Nothing should appear in the answer except the lines below from the line containing "Bürodrehstuhl NET Bezug" through the line containing "Baby Girl Pornstar", copied exactly, with pictures left out.

* _DATA FOR THIS TASK_:
-=-=-=-=-

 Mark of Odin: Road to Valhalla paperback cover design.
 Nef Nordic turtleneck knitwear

-=-=-=-=-

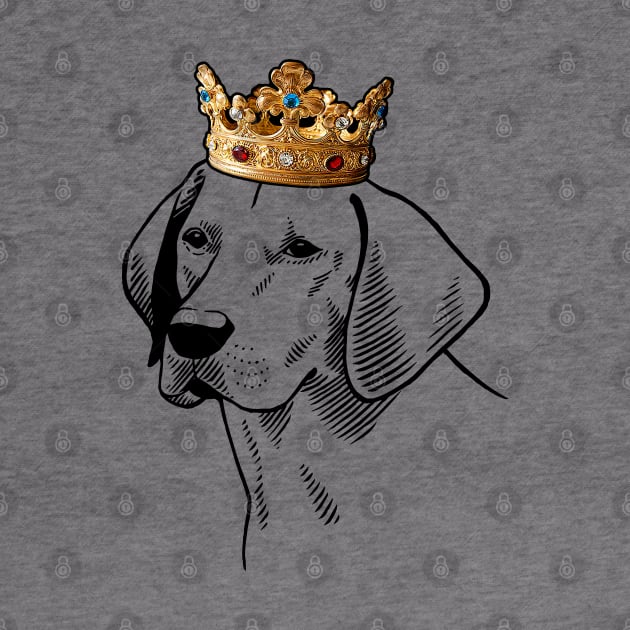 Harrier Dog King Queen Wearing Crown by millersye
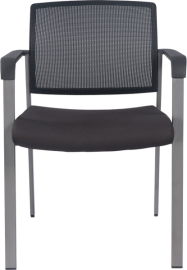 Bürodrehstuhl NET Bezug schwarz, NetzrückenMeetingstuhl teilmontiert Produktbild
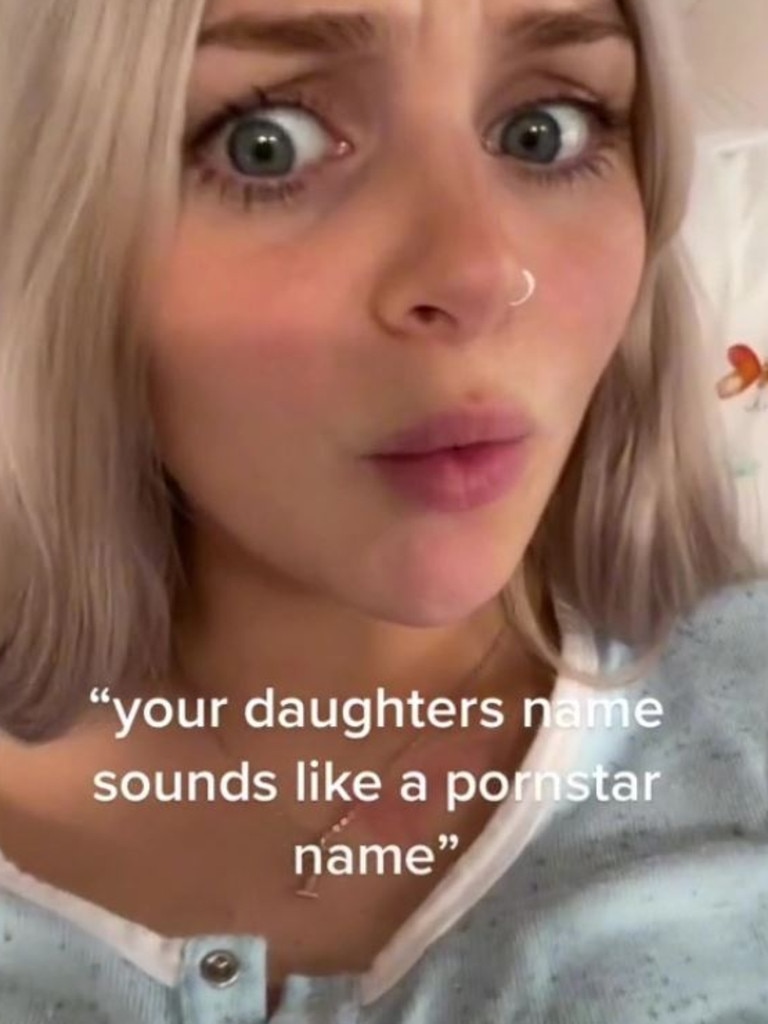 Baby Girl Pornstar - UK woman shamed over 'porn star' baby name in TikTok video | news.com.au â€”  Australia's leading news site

-=-=-=-=-

* _WRITTEN ANSWER_:
 Bürodrehstuhl NET Bezug schwarz, NetzrückenMeetingstuhl teilmontiert Produktbild
 Baby Girl Pornstar - UK woman shamed over 'porn star' baby name in TikTok video | news.com.au â€”  Australia's leading news site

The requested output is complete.